··· Recorded data
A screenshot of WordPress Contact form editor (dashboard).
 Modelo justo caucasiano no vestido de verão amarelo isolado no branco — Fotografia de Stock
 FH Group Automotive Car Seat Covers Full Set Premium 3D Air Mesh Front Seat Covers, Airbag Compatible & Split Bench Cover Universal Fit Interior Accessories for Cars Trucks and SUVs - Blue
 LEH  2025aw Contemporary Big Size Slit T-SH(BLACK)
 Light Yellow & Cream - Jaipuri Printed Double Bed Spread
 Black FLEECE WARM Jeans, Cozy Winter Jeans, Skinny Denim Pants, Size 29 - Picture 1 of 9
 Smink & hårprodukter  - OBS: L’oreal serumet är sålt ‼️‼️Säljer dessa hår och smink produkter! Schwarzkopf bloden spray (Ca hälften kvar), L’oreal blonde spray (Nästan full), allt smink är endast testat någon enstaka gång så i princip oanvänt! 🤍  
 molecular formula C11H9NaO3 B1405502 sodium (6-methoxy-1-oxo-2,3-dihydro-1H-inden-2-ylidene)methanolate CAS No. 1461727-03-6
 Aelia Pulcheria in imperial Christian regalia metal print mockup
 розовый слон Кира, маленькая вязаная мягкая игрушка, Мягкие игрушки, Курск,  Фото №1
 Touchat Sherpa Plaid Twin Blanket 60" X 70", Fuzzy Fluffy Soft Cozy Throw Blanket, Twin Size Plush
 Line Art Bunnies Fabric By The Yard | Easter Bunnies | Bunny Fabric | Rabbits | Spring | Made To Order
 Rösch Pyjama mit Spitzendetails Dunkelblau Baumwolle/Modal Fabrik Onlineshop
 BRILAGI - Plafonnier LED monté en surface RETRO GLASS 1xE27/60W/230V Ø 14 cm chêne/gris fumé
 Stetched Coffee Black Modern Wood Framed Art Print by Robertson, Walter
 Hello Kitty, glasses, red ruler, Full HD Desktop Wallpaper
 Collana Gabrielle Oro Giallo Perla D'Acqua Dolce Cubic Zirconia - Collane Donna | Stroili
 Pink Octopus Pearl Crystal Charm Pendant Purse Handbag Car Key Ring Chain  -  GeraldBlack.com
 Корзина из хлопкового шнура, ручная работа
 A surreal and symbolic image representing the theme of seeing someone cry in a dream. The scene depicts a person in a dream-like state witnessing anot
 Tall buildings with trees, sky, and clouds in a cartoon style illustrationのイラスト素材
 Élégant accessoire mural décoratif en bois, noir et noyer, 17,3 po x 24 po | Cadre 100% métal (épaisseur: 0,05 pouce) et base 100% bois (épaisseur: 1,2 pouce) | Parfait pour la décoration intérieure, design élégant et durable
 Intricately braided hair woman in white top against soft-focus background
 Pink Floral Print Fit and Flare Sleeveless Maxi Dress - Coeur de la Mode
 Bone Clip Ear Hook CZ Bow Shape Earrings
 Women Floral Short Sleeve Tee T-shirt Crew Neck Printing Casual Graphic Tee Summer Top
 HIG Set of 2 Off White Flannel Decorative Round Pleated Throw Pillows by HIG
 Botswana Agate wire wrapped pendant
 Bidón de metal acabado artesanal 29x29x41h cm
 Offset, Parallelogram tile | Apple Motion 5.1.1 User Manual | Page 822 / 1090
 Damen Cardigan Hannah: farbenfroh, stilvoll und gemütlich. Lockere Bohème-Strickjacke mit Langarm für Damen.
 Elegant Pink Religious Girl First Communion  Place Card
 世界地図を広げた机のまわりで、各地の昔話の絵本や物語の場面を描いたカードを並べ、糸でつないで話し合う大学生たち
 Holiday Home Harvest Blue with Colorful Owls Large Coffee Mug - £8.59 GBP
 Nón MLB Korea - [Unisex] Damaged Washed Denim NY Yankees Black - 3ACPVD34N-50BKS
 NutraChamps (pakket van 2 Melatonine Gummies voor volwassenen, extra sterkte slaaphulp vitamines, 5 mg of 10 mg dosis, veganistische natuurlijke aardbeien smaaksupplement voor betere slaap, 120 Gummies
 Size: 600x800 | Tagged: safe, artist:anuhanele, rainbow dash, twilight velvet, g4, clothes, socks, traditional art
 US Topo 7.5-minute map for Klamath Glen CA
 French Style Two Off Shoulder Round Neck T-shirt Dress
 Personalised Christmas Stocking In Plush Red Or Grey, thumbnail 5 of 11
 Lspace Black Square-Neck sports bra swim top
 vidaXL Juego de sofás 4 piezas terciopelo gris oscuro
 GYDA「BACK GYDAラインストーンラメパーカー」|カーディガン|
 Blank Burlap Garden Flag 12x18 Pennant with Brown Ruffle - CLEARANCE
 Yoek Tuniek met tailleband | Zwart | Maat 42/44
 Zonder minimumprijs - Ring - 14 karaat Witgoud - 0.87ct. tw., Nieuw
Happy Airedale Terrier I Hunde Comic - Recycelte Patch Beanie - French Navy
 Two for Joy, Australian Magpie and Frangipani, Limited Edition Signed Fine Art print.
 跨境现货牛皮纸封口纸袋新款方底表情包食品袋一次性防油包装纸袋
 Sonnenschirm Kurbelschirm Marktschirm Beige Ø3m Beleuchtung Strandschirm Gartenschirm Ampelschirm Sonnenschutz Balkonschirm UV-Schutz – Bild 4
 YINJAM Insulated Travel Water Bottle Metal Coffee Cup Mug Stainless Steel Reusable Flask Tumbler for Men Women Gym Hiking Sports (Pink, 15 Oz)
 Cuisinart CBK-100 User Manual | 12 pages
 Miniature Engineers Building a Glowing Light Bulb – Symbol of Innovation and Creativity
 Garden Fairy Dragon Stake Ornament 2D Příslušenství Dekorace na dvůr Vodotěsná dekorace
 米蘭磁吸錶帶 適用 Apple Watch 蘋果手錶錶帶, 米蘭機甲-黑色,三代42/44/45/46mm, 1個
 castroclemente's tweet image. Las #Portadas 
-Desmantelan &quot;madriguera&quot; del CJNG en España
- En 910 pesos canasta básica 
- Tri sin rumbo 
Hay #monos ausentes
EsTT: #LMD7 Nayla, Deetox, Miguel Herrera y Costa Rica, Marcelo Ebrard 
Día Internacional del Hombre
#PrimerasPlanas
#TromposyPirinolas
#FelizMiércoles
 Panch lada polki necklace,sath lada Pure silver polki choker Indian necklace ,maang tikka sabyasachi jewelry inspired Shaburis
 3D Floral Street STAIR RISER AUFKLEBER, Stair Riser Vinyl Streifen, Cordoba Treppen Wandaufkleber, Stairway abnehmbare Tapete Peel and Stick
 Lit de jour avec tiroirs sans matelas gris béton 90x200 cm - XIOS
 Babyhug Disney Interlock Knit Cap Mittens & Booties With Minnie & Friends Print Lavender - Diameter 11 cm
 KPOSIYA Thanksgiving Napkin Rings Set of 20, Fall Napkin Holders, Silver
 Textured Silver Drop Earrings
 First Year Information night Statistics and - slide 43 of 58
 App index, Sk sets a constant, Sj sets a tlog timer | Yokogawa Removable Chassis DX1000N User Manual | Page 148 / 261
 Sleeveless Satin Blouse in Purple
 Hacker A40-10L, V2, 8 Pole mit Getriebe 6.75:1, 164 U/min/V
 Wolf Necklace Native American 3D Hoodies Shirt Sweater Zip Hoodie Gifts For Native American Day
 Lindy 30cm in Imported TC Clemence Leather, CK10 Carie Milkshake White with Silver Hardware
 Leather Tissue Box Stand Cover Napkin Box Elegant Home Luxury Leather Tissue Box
······
*What is required*
Only one stretch of the records above is wanted: the lines between the one holding "Offset, Parallelogram tile" and the one holding "French Style Two", inclusive, reproduced exactly.

*Written response*
 Offset, Parallelogram tile | Apple Motion 5.1.1 User Manual | Page 822 / 1090
 Damen Cardigan Hannah: farbenfroh, stilvoll und gemütlich. Lockere Bohème-Strickjacke mit Langarm für Damen.
 Elegant Pink Religious Girl First Communion  Place Card
 世界地図を広げた机のまわりで、各地の昔話の絵本や物語の場面を描いたカードを並べ、糸でつないで話し合う大学生たち
 Holiday Home Harvest Blue with Colorful Owls Large Coffee Mug - £8.59 GBP
 Nón MLB Korea - [Unisex] Damaged Washed Denim NY Yankees Black - 3ACPVD34N-50BKS
 NutraChamps (pakket van 2 Melatonine Gummies voor volwassenen, extra sterkte slaaphulp vitamines, 5 mg of 10 mg dosis, veganistische natuurlijke aardbeien smaaksupplement voor betere slaap, 120 Gummies
 Size: 600x800 | Tagged: safe, artist:anuhanele, rainbow dash, twilight velvet, g4, clothes, socks, traditional art
 US Topo 7.5-minute map for Klamath Glen CA
 French Style Two Off Shoulder Round Neck T-shirt Dress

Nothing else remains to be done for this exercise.